For those that might be unaware that at a university there are all kinds of employees; some are represented by a Union, and some are not. For instance, faculty and coaches at West Chester University are represented by the Association of Pennsylvania State College and University Faculties (APSCUF). As well, many within Student Affairs such as many assistant directors and associate directors across campus offices or departments are represented through State College and University Professional Association (SCUPA). Whereas others at the university such as the directors of various offices on campus aren’t represented by a union. In addition, there are Graduate Assistants within these offices or elsewhere throughout the university who are unrepresented.

Dr. Bernotsky stated specifically that they would be “trying to apply those dollars in strategic ways all the way through the ranks of our non-represented meaning our non-union employees.” 

Many Graduate Assistants do wonder if that means us. Are we seen as key people within the university? Will we be receiving any raises for the work we do to support students, faculty, staff and the university community?
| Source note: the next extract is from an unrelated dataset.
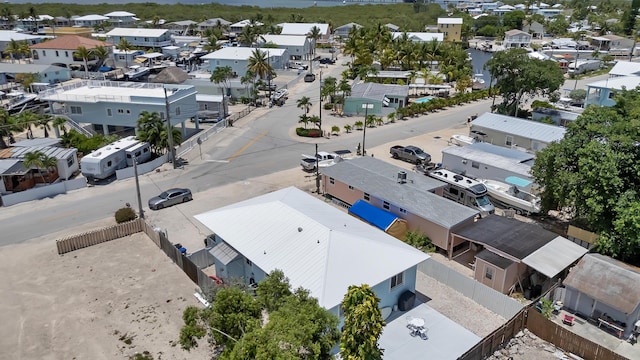 939 Plantation Rd, Key Largo, FL 33037 - aerial view of residential area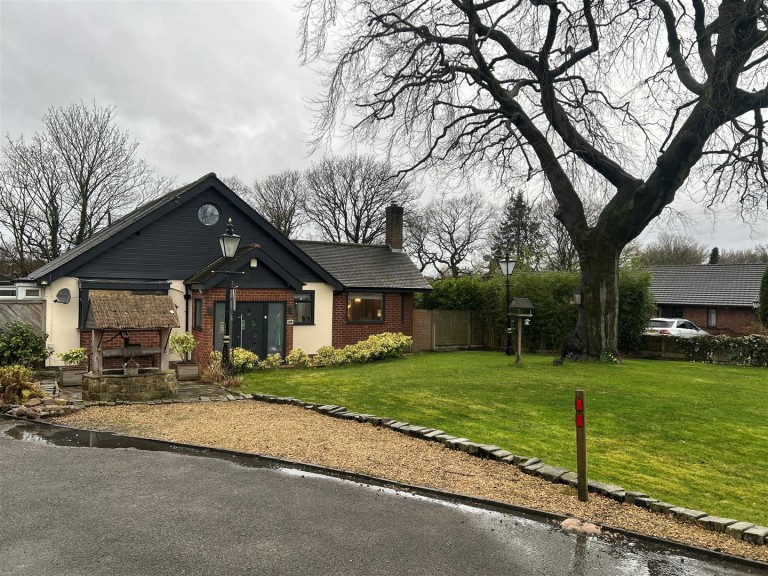 Styal Road, Heald Green, Cheadle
Currently a Graduate Assistant who has a 15-hour contract is provided a tuition waiver and a stipend, which is what the University would claim as the total compensation package. Then, a 15-hour contract would provide total compensation of $13,038. However, what isn’t included are the fees which must be paid to use the services or to take classes within the university. That takes that down to $9,936.20 as supposed total compensation before taxes. A Graduate Assistant taking nine credits with that 15-hour contract might only see $684 guaranteed at the end of the year.

Remember this is for a 15-hour a week job, meaning you likely need to get another part time job. Many times, it is impossible for someone with multiple part time jobs to receive or afford health insurance. This is the case for one Graduate Assistant I  know that is not on their parent’s health insurance. And not to mention it can be difficult to find a part-time job that can fit with your Graduate Assistantship, classes and other life responsibilities.

I’d encourage West Chester University to make sure that Graduate Assistants are valued as critical employees, and not valued as the Chancellor of the Pennsylvania State System of Higher Education (PASSHE) said at a recent public hearing.